Inspiration

When disaster strikes, communication networks fail, and chaos ensues, connecting those in immediate need with nearby resources or volunteers is incredibly difficult. Centralized shelters are often overcrowded, and good samaritans with available beds, food, or medical supplies struggle to find the people who need them. We wanted to build a decentralized, localized, and resilient network that seamlessly bridges the gap between those experiencing a crisis and those equipped to help, empowering communities to support each other directly.

What it does

Waypoint is an AI-powered crisis intervention and resource mapping platform. It features two mirroring interfaces built on top of an interactive, full-bleed map:

  • For People in Crisis: A zero-friction, login-free experience where users can simply type their needs in plain English (e.g., "I lost my home and need a place to sleep for my family of four"). The system uses an AI agent crew to analyze their request, geolocate them, and match them with the three best resource options (Closest, Best Fit, and Best Overall), providing turn-by-turn routing to safety.
  • For Volunteers: An intuitive dashboard where good samaritans can tap their location on the map and describe what they can offer. An LLM parses their text into structured resource nodes (beds, food, hygiene, medical, charging/wifi) with capacity tracking, immediately publishing them to the live map.

How we built it

We built the frontend as a responsive, mobile-first web app using React and Vite, styled with Tailwind CSS. The core map experience is powered by MapLibre GL, allowing for fluid, interactive geographic data visualization. We implemented a custom dual-panel UI (draggable glass cards) to ensure the map remains the central focus.

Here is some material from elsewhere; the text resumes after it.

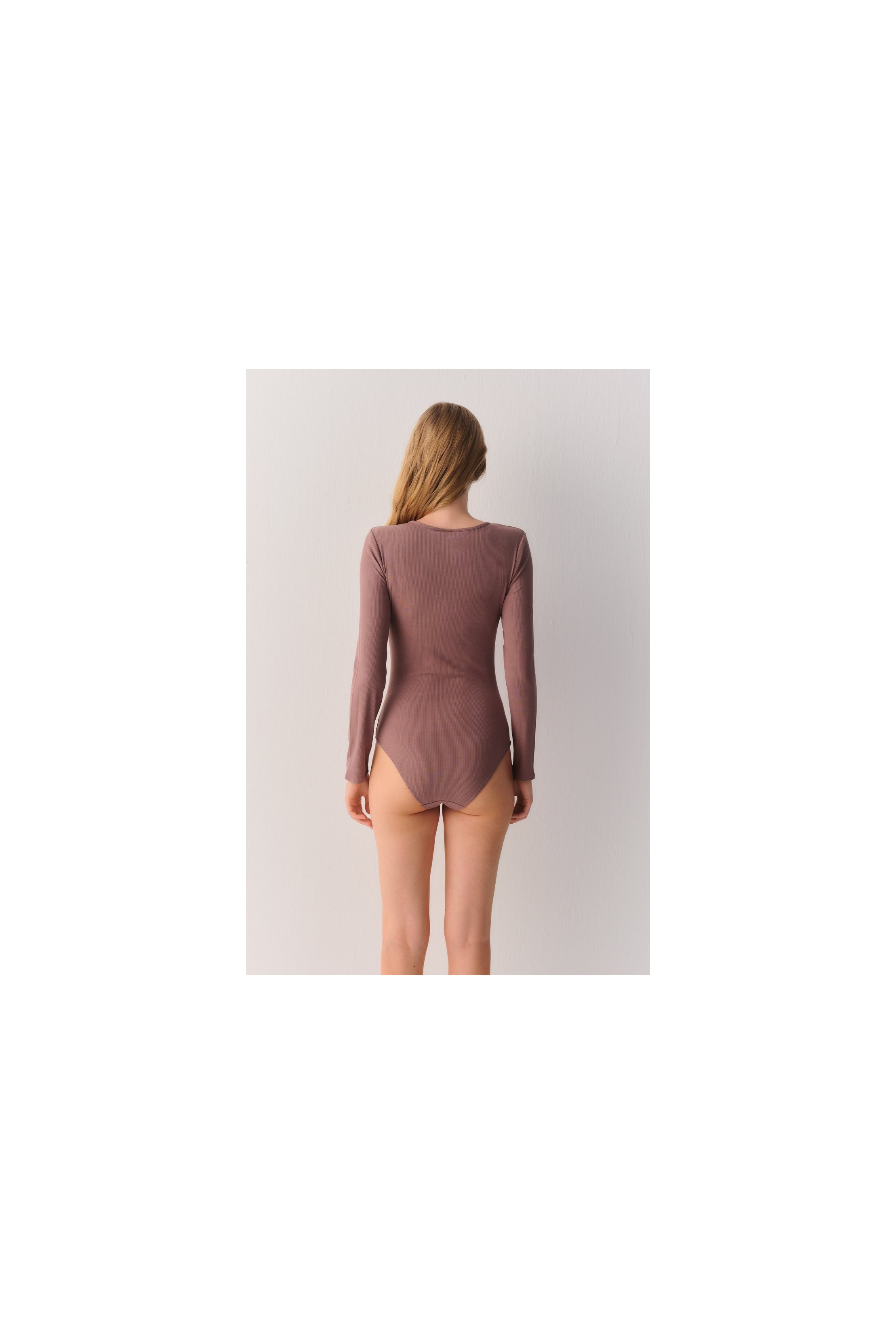Suwen Fine Rib Modal Ribanalı Body görsel 4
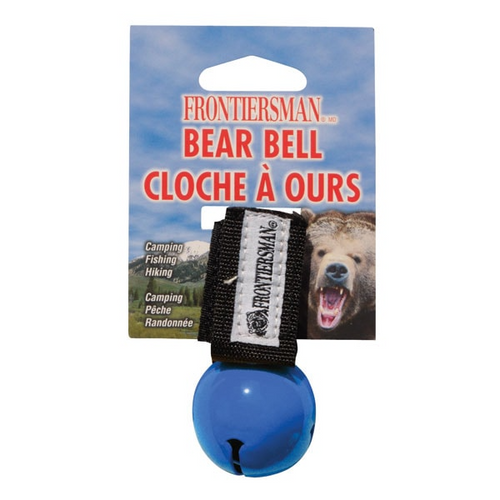 Frontiersman Bear Bell w/ Velcro Strap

For the AI matching and resource parsing, we integrated the Anthropic Claude API. The AI operates as a crew of reasoning agents that evaluate crisis requests against available volunteer nodes. We also built custom geolocation services, implemented robust accessibility standards, and utilized i18next to ensure the platform is accessible to non-English speakers during emergencies.

Challenges we ran into

  • Unstructured Data to Structured Resources: Volunteers write what they have in a myriad of ways. Reliably using an LLM to parse freeform text ("I have a couch and some canned soup") into structured database entities (Capacity: 1 Bed, Food) with fallback offline heuristics took significant iteration.
  • Privacy vs. Utility: Protecting the privacy of vulnerable people in crisis while sharing the public locations of volunteers required careful architectural separation. We designed the "Crisis" side to be entirely anonymous and session-based.
  • Map-Centric UI/UX: Building a dual-mode interface where a full-bleed map serves as the home screen, without the UI feeling cluttered on mobile devices, required fine-tuning draggable panels, touch targets, and map controllers.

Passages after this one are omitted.